The changes I made are:
Your unit tests still pass. I can't tell if there's any effect on performance since the tests seem to take a wildly different amount of time to execute each time on my PC (which admittedly is a rather wimpy AMD C-50 dual-core netbook processor -- I had to lower the iteration count temporarily on some of them otherwise it would have taken over half an hour to get the test results, heh).
Thank you for your hard work!
Various tweaks to semaphore, including in particular support for bulk…
… waiting. Also fixed 'Unix Makefiles' generation when on Windows/MinGW64.
FYI, sizeof(int) != sizeof(ssize_t) in 64-bit environment: in AMD64, it will issue more lengthy instructions (64-bit operation on register needs an instruction prefix while 32-bit operation doesn't) for no big deal (I won't expect for more than 2 billion threads to wait !).
@hlide: Yes, that was my intention. I didn't know the instruction length was different, though -- does it make any difference to performance? EDIT: It does not. Both std::atomic<int> and std::atomic<long long> take identical amounts of time to do a FAA and a CAS, respectively, at least on my 64-bit Intel Core 2 processor. See my benchmark here.
In any case, it's not for the number of waiting threads (when the count is negative), but rather for the number of available items (when the count is positive).
@cameron314: as long as the instruction cache can absorb those extra bytes, it won't.
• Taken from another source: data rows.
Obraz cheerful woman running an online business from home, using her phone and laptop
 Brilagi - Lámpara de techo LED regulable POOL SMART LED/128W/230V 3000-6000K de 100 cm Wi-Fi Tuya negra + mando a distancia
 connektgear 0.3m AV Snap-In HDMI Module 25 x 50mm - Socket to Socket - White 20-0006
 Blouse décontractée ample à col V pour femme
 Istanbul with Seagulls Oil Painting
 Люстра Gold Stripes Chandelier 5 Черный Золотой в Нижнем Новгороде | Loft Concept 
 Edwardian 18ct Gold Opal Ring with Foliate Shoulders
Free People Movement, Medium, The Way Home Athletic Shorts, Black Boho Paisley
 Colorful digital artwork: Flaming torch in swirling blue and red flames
Suppose that all the code of a big program was using 'int' and was fine in 64-bit, then you switch 'int' into 'ssize_t', you may end up with a bigger binary size which is not that negligible. The same for data size too (which is as twice as it was so data cache will certainly suffer because a cache line will only handle the half of what it could before).
MinGW support (from cameron314 in #3)
Thanks for the MinGW fix. I'm half tempted by the <windows.h> trick, but I'll leave it alone for now.
@cameron314: off-topic I'm quite interested with your free-lock SPSC and MPMC queues implementations, but I have a question. I need a free-lock MPSC queue and I was wondering how to achieve it (blocking version or not).
Ah, yes, I hadn't considered the cacheline implications. Interesting.
@hlide: Hmm, MPSC. I don't know of any off the top of my head -- you're probably best off picking a general MPMC queue and just using that. Mine might not offer the best characteristics for that scenario, as it's built out of SPMC queues internally. The best way is to try a few and find the one that's fastest for your particular workload (by profiling). Just know that both SPMC and MPSC can be engineered much more efficiently than MPMC.